Demand is defined based on cultural perceptions: GMOs, AI/drones, and organic food. Often they are rooted in science or the law, but not always. Things that influence demand are:
- Population
- Income
- Consumer preferences
- Seasonality
- Product price, and the prices of product substitute and complement product prices
Production technologies: biotechnology, digital technology, and soil organics; are engineered based on the best available science. The production technologies are not well understood by the consumers. This is the difficult task of the macroeconomic, market infrastructure connectors. And certainly, they all overlap from one sphere of influence to another. Factors that influence supply include:
- resource/input availability
- production costs
- facility capacity
- uncertainty
- legislation, taxes, policy rules, and supply chain efficiency and capacity
This last bullet contains multiple macroeconomic factors. For these reasons it is most effective to separate supply into microeconomic firm-level components, and macroeconomic supply chain/market infrastructure components.
The Story of US Soybeans: These three economic components best tell the story of 100 years of US soybeans.
Soybean demand has met the nutritional needs of a population that grew from 100 million to 300 million people. Steady income growth has kept the consumers in position to purchase the goods like soybeans they desire.
As with supply the ability to deliver the consumer-demanded products cost-effectively is a function of market chain/infrastructure. US highways, riverways, airways, and railways, as well as cell towers and market information transparency have lowered the cost of connecting the supply of products to the consumers who demand them. These market chain factors are shaped by macroeconomic factors and laws that provide consistency and accountability to producers and consumers.
All these benchmark events are macroeconomic-shaping factors that influence 100 years of US soybeans. These events bridge available supply with demand, but by themselves are neither supply nor demand.

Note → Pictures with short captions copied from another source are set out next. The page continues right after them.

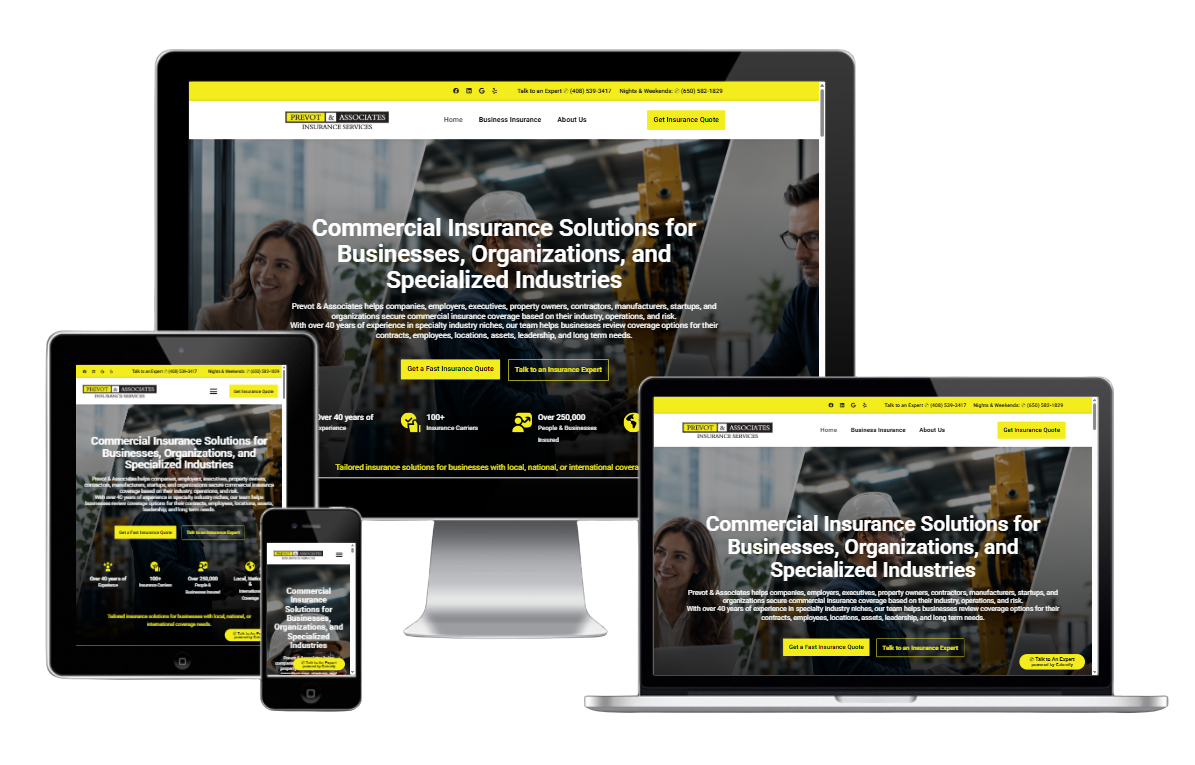 Prevot and Associates Website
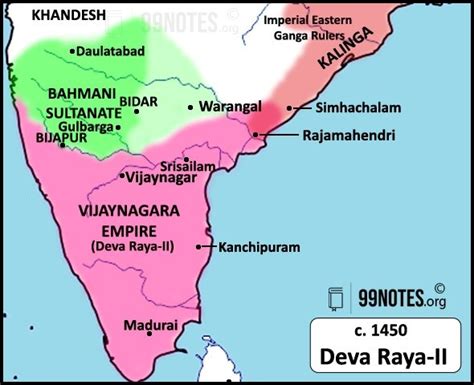 Vijayanagara Empire (1336-1646) CE: History, Rise And Fall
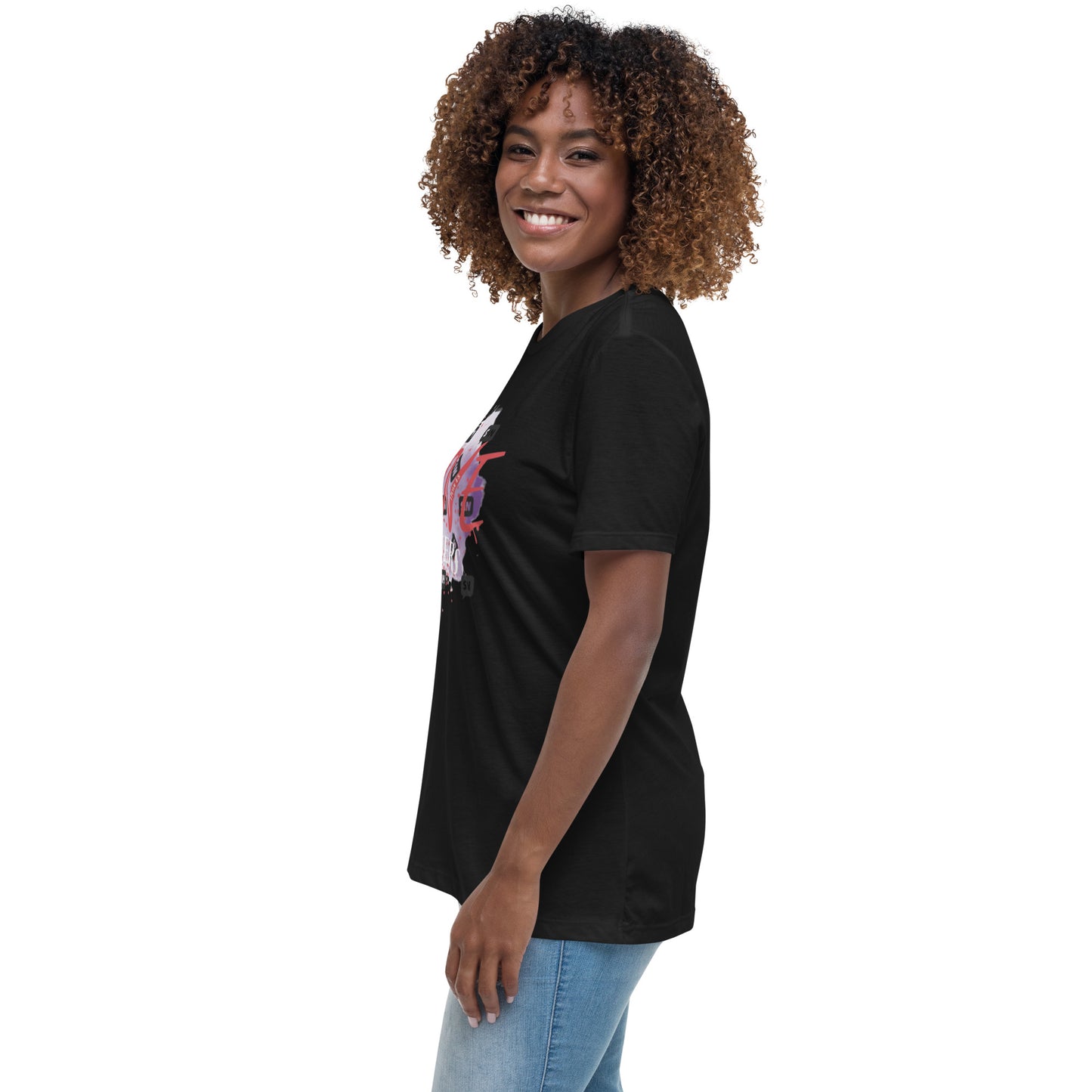 Love Covers Sin Women's Relaxed T-Shirt (12 colors available)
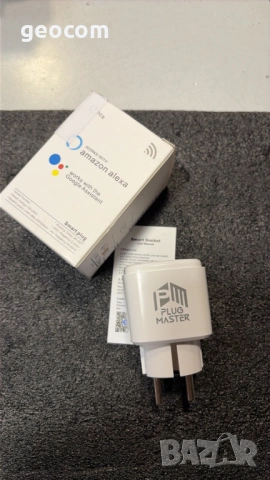Smart Plug 16A смарт контакт (Нов, Wi-Fi 2.4Ghz)
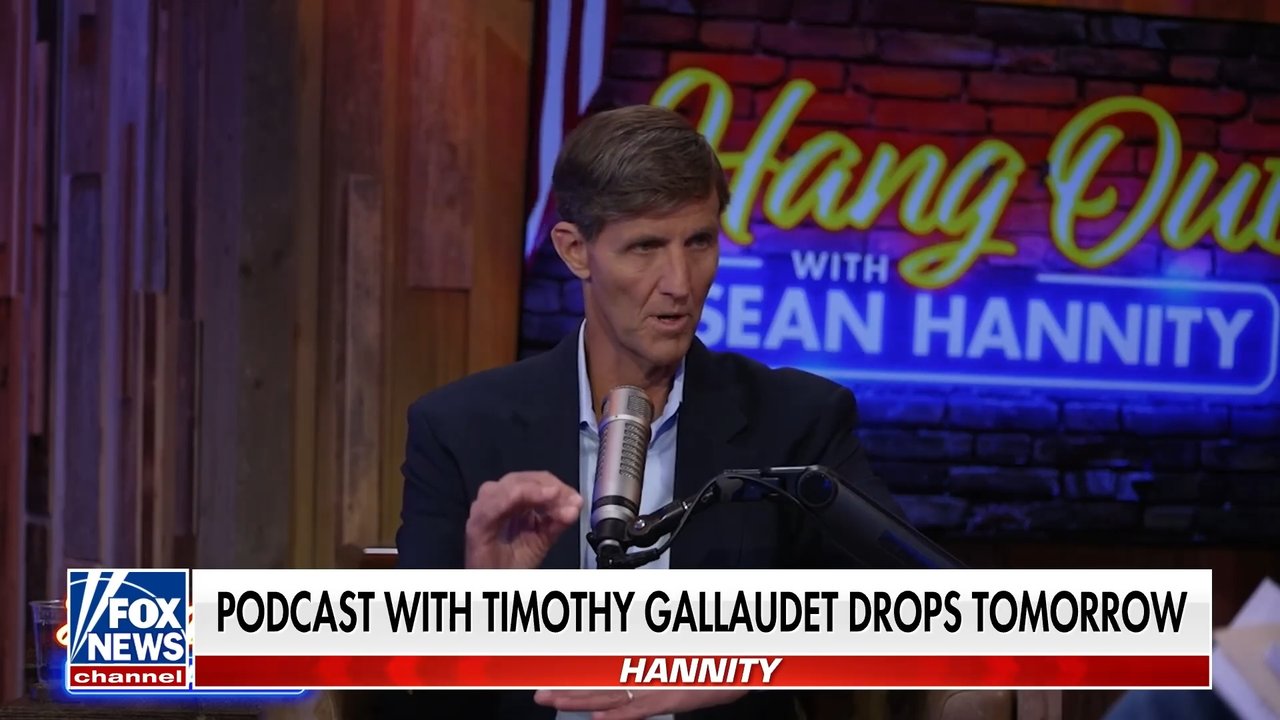 Rear Adm Timothy Gallaudet reveals shocking UAP ocean sightings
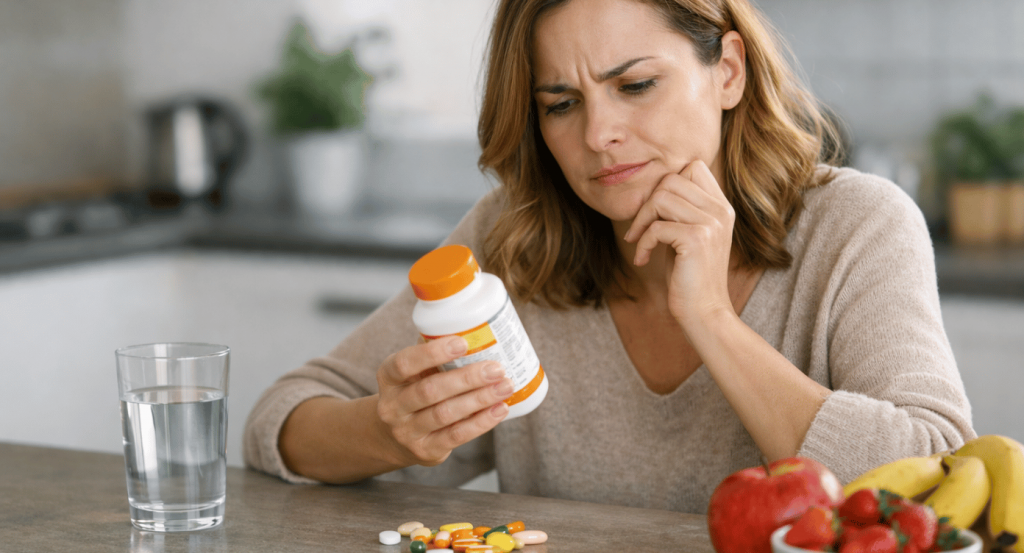 Why do multivitamins cause side effects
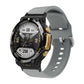 Silicone Reverse Buckle Watch Band, For Amazfit T-Rex 2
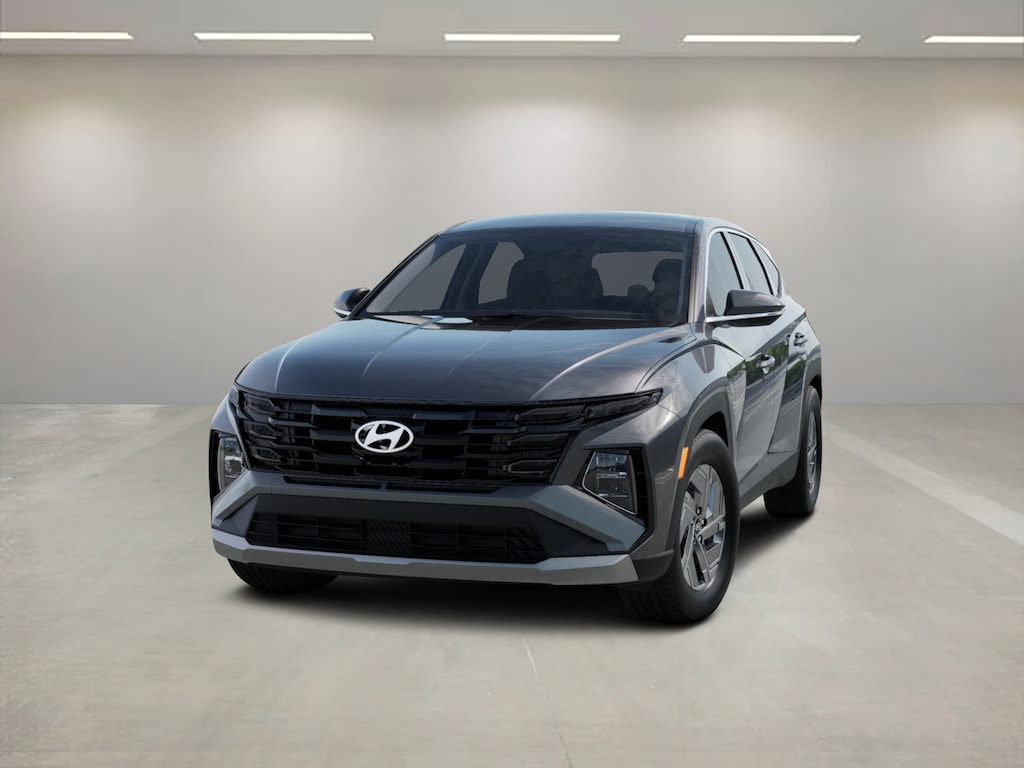 New 2026 Hyundai Tucson Hybrid Blue SUV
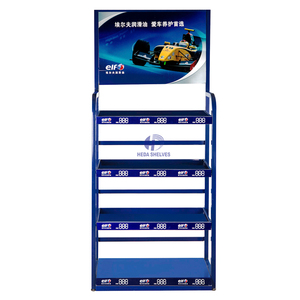 Phun Sơn Kim Loại Hiển Thị Giá Phun Sơn Kệ Cho Cửa Hàng - Product Image 4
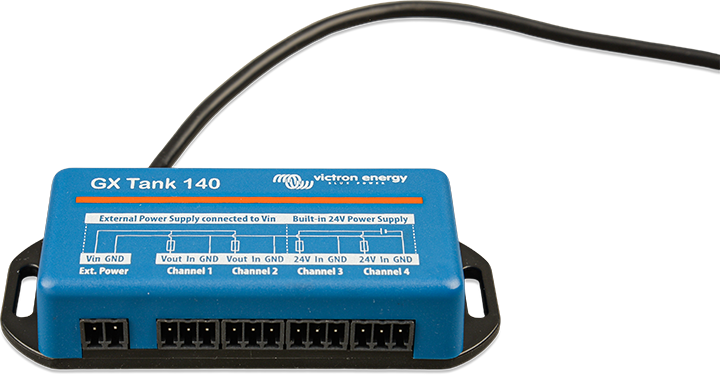 Victron Energy GX Tank 140 interfaccia sensori livello serbatoi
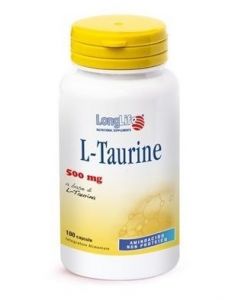 LONGLIFE LTAURINE 500MG 100CPS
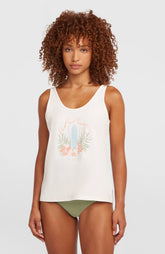O'Neill Graphic Tank Top Snow White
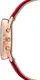 Swarovski Uhr rot / gold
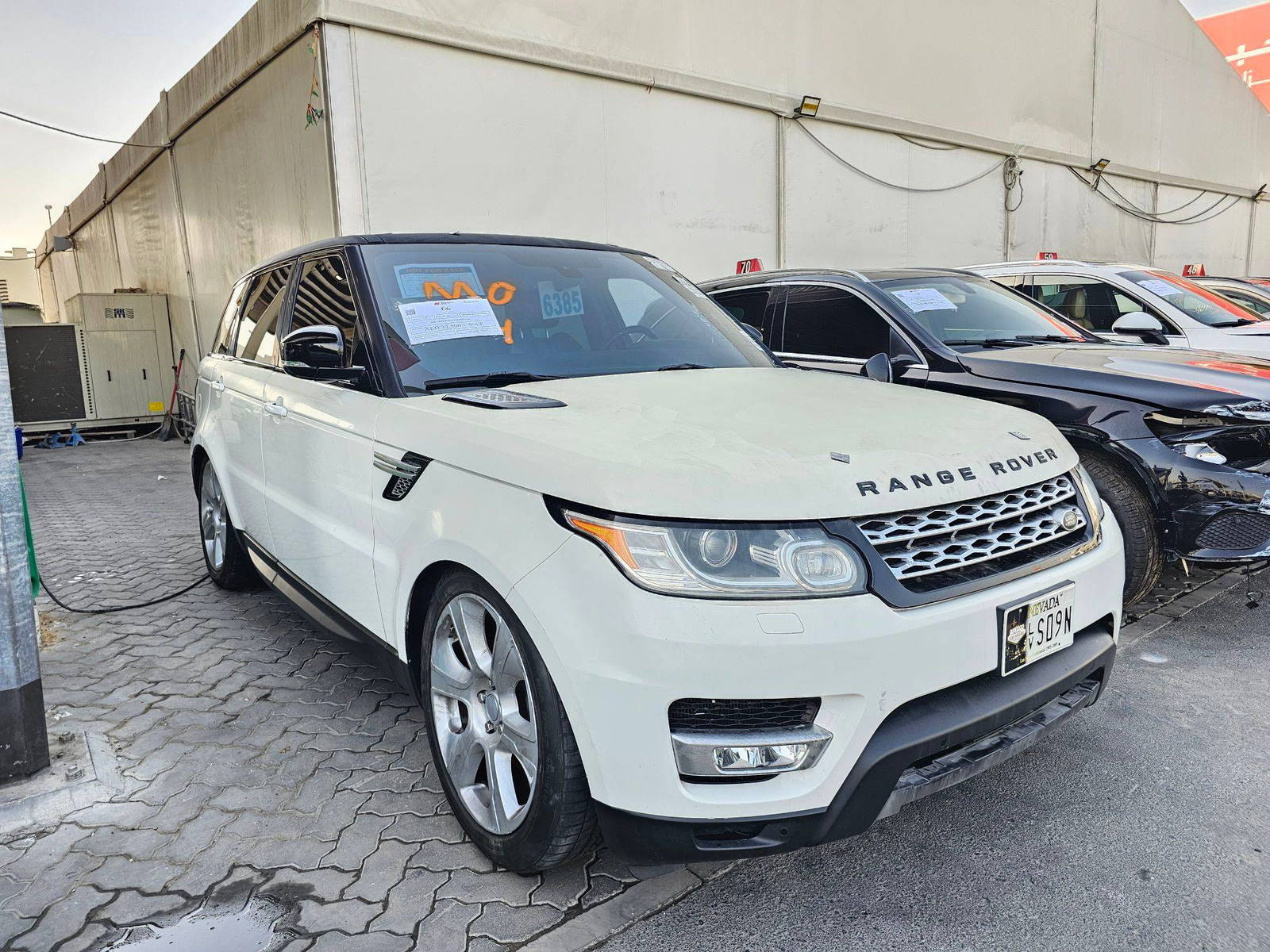 LAND ROVER RANGE ROVER SPORT 2014 - Marhaba Auction Used Cars - Image 5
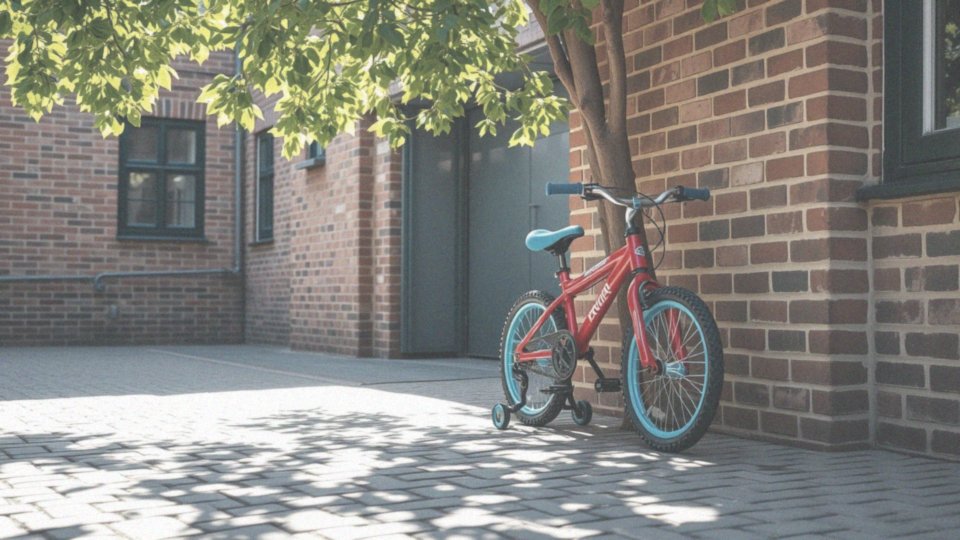 Jakie są zalety roweru 18 cali dla dzieci w wieku 5-8 lat?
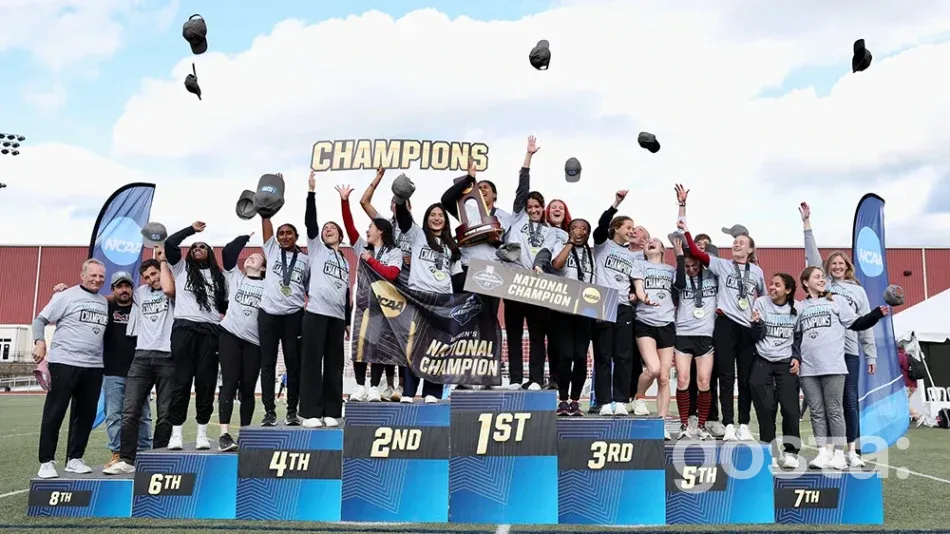 Історична перемога: Жіноча команда MIT виграє чемпіонат NCAA з легкої атлетики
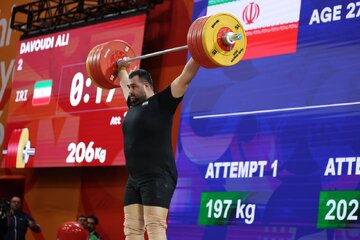 ۱۰ وزنهبردار ایران برای مسابقات جهانی مشخص شدند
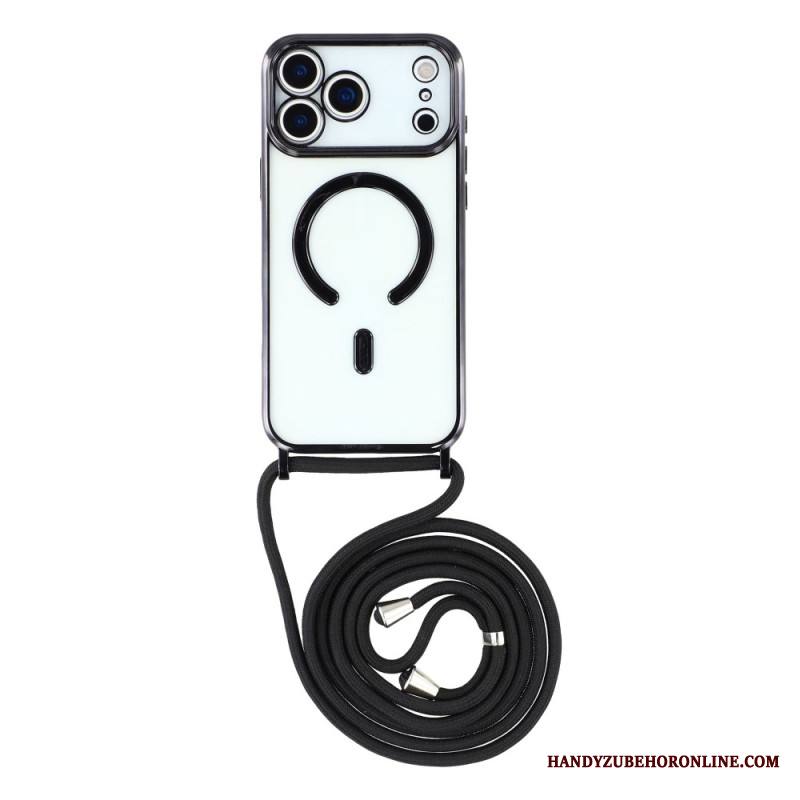 Kuori iPhone 17 Pro Max Magsafe-johto Kirkas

The ‘demand’ for soybeans drove up production. The ‘supply’ of US soybeans kept all the costs competitive with substitute goods, complementary goods, and soybeans themselves. The percentage of 2024 production is identified on the chart.
- In 1957, 33 years after 1924, US soybean production reached 10 percent of 2024 levels.
- In 1995, 71 years after 1924, soybean output reached 50 percent of current levels
- By 2013, 89 years after 1924, soybean production reached 75 of current production.
Eleven years ago, US soybean production was 25 percent lower than in 2024. Remarkable. US output of soybeans is increasing at an increasing rate even as resources like land become more limiting.
This chart became part of Biomass Rules, LLC presentations twenty years ago when agriculture embarked upon the biofuel frontier. In the mid-2000s, there were a lot of hopes that if US agriculture could only produce enough corn and soybeans, all fossil fuels could be replaced with biofuels. Looking at this chart perhaps we are only 20 years into the 100-year story.
The first twenty years (lefthand box) shows the baby steps the soybean production industry took. By 1944, production had grown from 5 million bushels per year to 192 million bushels per year. Farm numbers were beginning to decline even as productivity increased.
No one in 1924 was forecasting 4.4 billion bushels of US soybean production. But 100 years later, here we are. It is not conceivable that yields can or will grow by 200 times in the next 80 years. But as we move to cellular cultured agriculture, which is already ramping up, it may be conceivable to increase vegetable oil production for use in biofuels several hundred-fold.
Fuel producers may move from purchasing RINS to offset fossil fuel with biofuel production, to manufacturing biofuels in tanks and vats using cellular replication techniques. Will that be a win, or a lose? If the goal is to power the world with sustainable and renewable fuel using 2124 technologies, it just may be possible.